Maths: Steven Wittens illustrates How to Fold a Julia Fractal. This visual essay is full of excellent illustrations and animations, including a beautiful demonstration of the square-and-shift operation on polar coordinates which really helps build intuition for why the Julia fractal is shaped the way it is.

I'm linking to Marsaglia's Random numbers fall mainly in the planes (1968) solely for the puntastic title, though its content -- finding unwanted patterns in a simplistic modular-exponentiation based random number generator -- is nothing to scoff at either. (Unless, presumably, you're currently making your living hawking said RNGs, in which case, scoff away.)


A pale red-haired centauress and a clothed, dark-skinned human wearing jockey boots curl up together on the ground, sharing a tender hug.

Source: Tumblr / jinamong.
Other slice-of-life fantasy creature sketches by the same artist: 1, 2.


I'm continually finding interesting perspectives on the "activist language merry-go-round" -- a term coined, I believe, by Serano in the last few years to describe a certain focus within activist communities on the fastidious quarantine of words known/found to be problematic.

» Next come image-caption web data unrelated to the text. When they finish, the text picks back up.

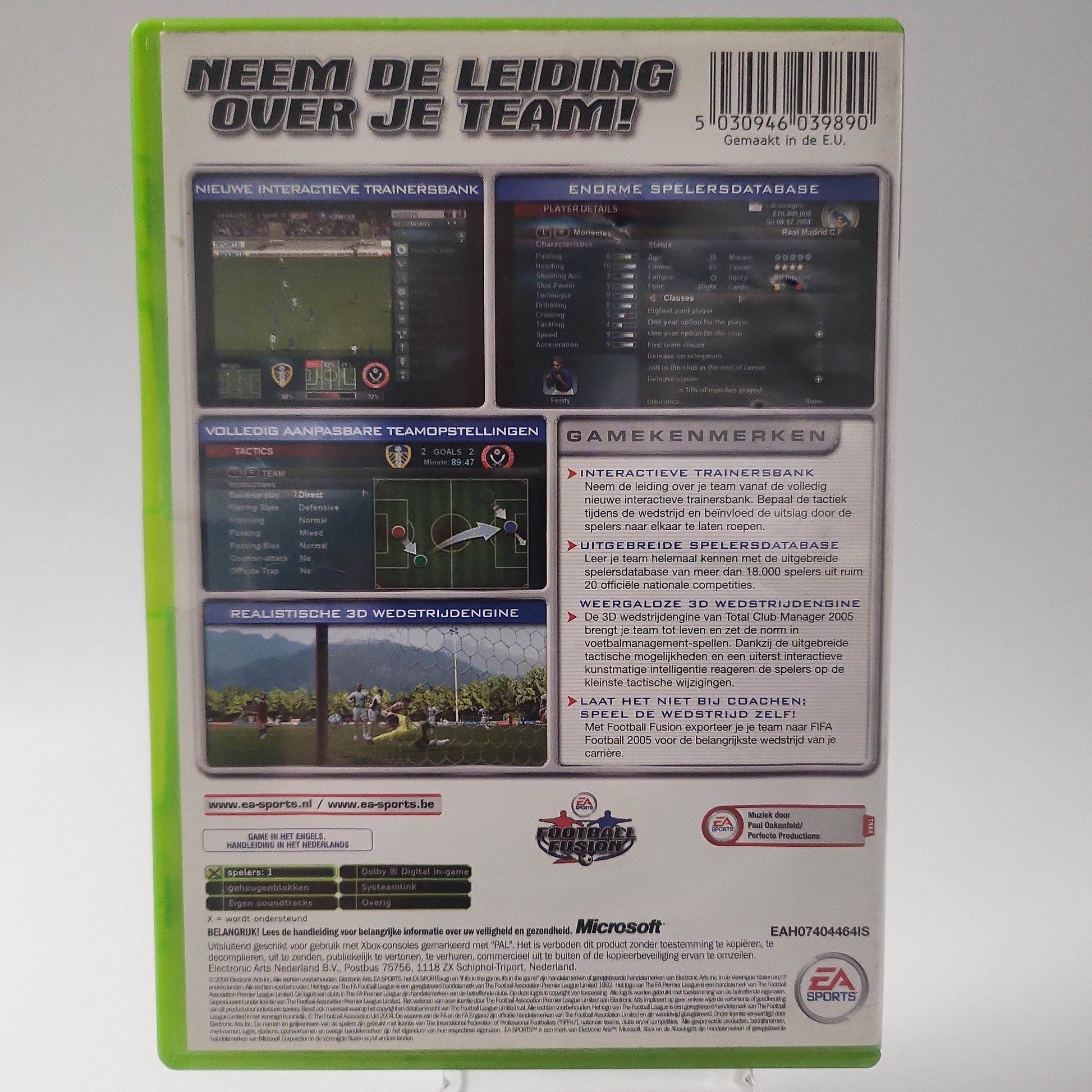 Total Club Manager 2005 (No Book) Xbox Original - Feniks Gameshop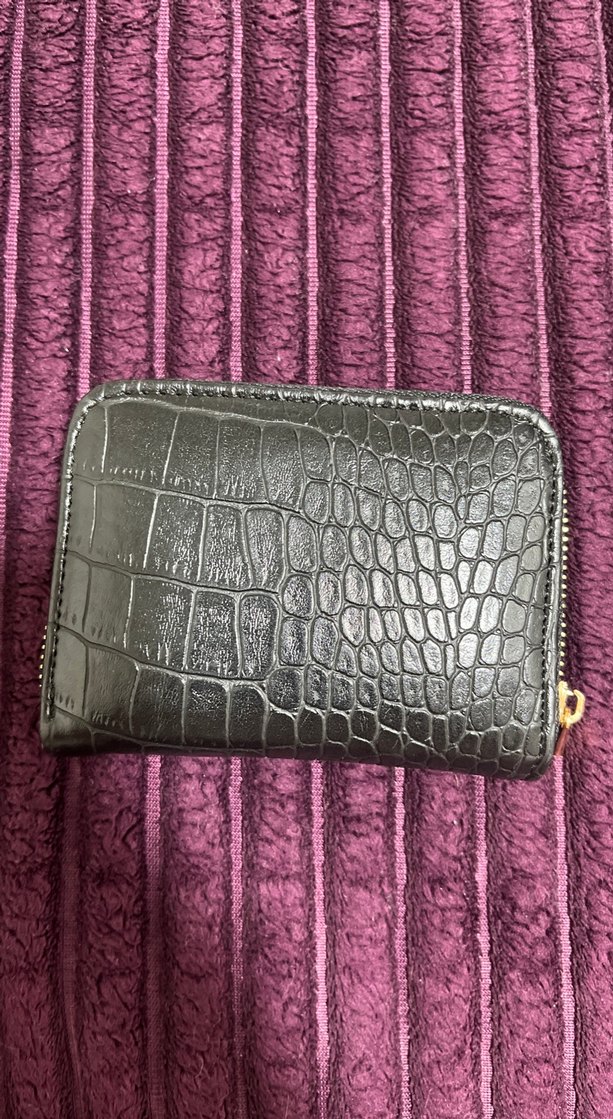 Gri Yılan Desenli Deri Kadın Cüzdanı - Görsel 3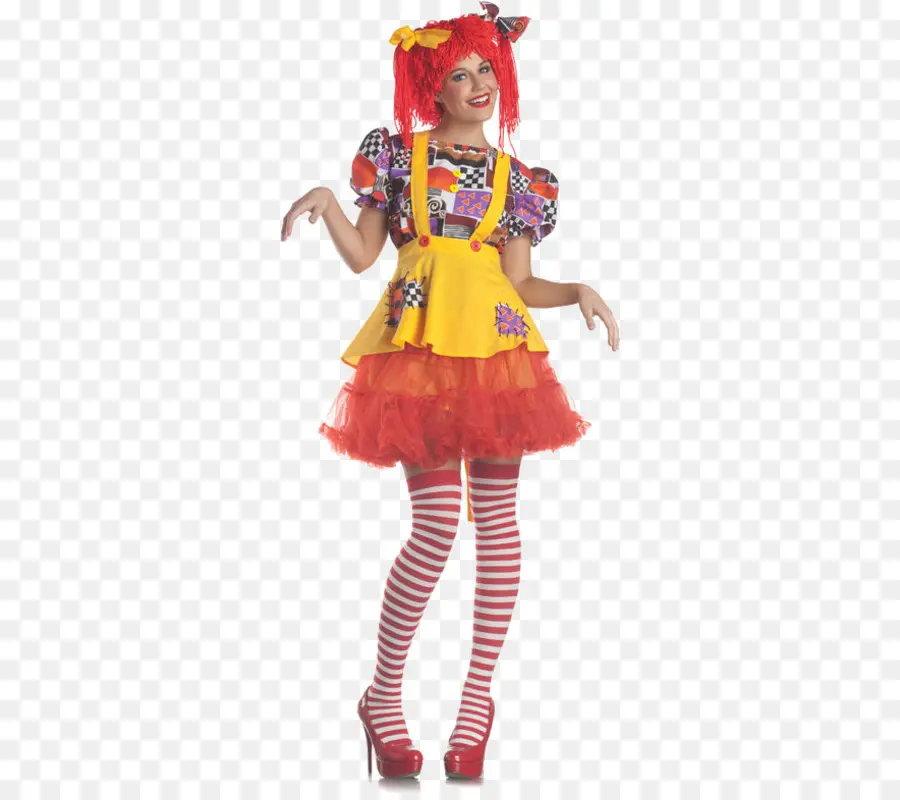 Déguisement De Clown，Femme PNG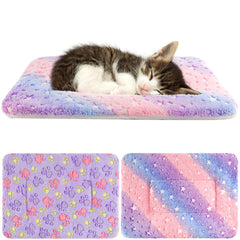 Manta Tierecare para gato, patrón doble, ideal para variar la decoración y uso diario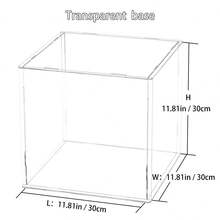 Hộp trưng bày acrylic lắp ráp sẵn - Kệ lưu trữ thẳng đứng phù hợp cho búp bê, đồ sưu tầm và tượng nhỏ - Hình lập phương trong suốt - Trong sáng - Xem 15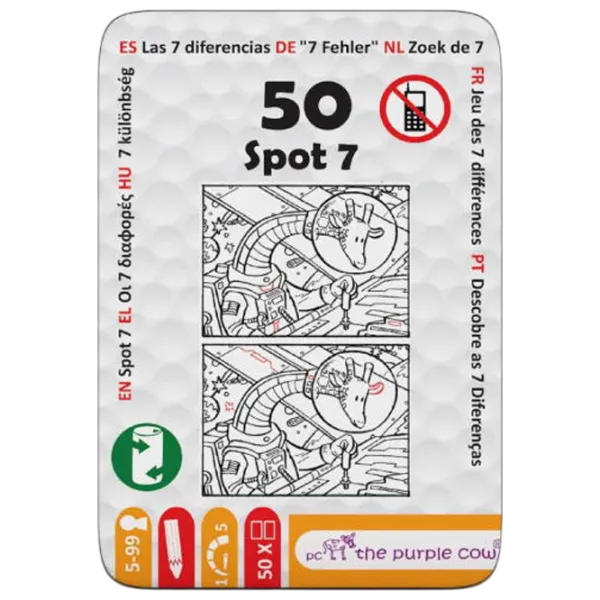 Joc de masă Purple Cow Fifty - Spot 7 4+/ Carti de joc photo 1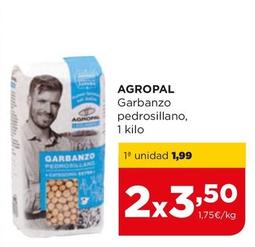 Oferta de Agropal - Garbanzo Pedrosillano por 1,99€ en Alimerka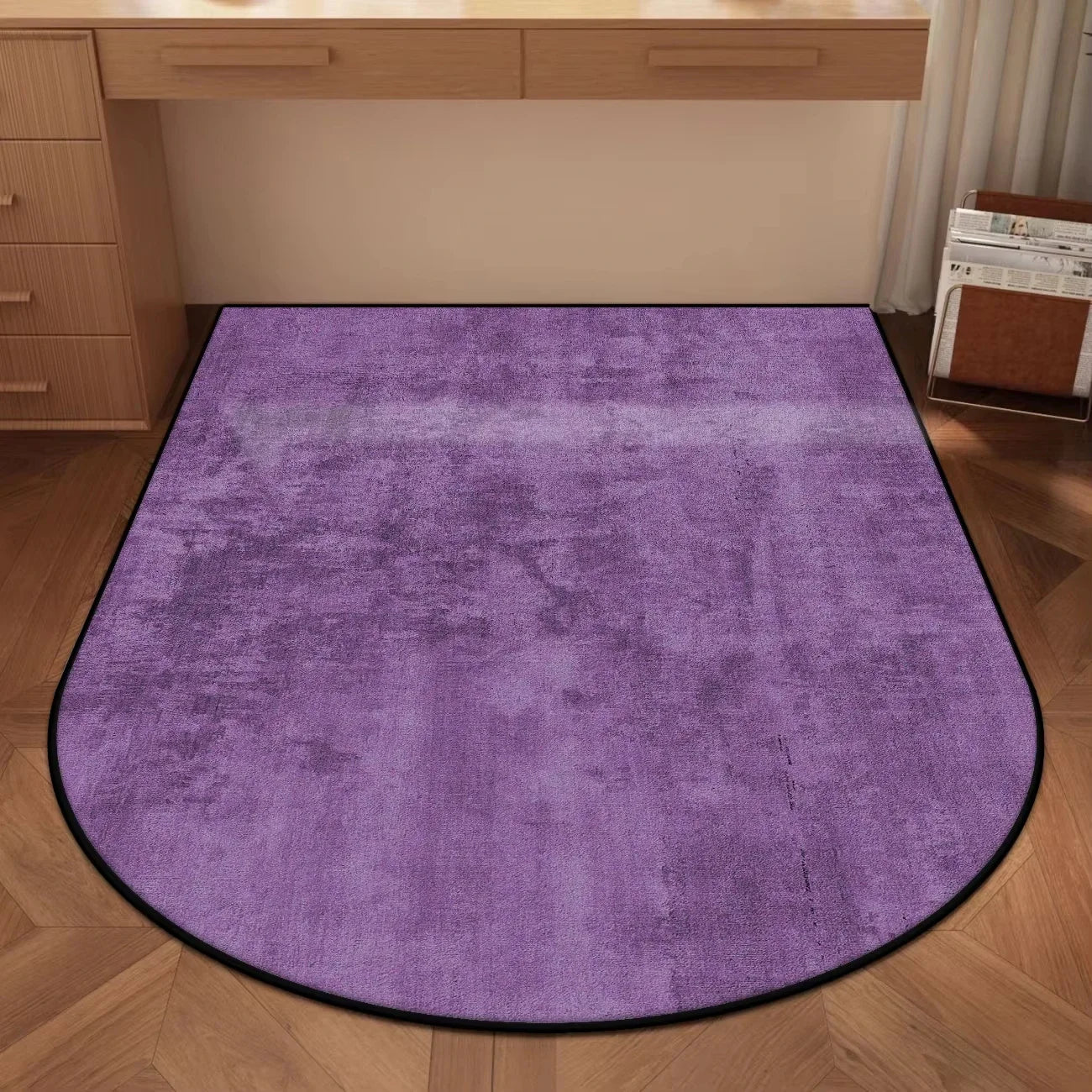 VIKAMA Alfombrilla Lisa en Arco para Alfombra, Escritorio de Estudio y Silla, Alfombrilla de Protección para Silla Giratoria de Oficina, Estudio, Decoración del Hogar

Cristan Williams describes the exercise as "[chasing] the ghost of empowerment through the reactionary policing of highly nuanced lexical epistemologies", and further notes that which words are considered accepted or problematic is a relative notion even between different activist communities.

I am fascinated by the implication here: the Internet provides the illusion of a global homogenised speech community, but organic language usage still happens subject to the constraints of geography and social group structure. Whomever's interpretation of various terms becomes canonised happens to be enjoying an unusual privilege.


The prose in In Flight, an extract from Mark Vanhoenacker's book, Skyfaring, is gorgeous through-and-through. The following extract is technical and poetic in equal measures:

Planes following altitudes referenced to the standard atmosphere collectively and continuously adjust their degree of wrongness — gently climbing or descending in a collective, school-of-fish-like movement as the true air pressure below changes with time and location. Locked for hours at what our altimeters show to be 31,000 feet, our true altitude may vary constantly. Think of an ocean, of all the boats across its vast expanse rising and descending on their local swells. All the boats are on the surface, though their true elevation varies. An altitude referenced to the standard atmosphere is called a flight level and it is just like such a surface: a membrane encircling the Earth, pressed with indentations and textured with rises, shimmering invisibly on the aerial imperfections of the world.


Wednesday, July 1, 2015

Creative Mysticism and “Don't Hug Me I'm Scared”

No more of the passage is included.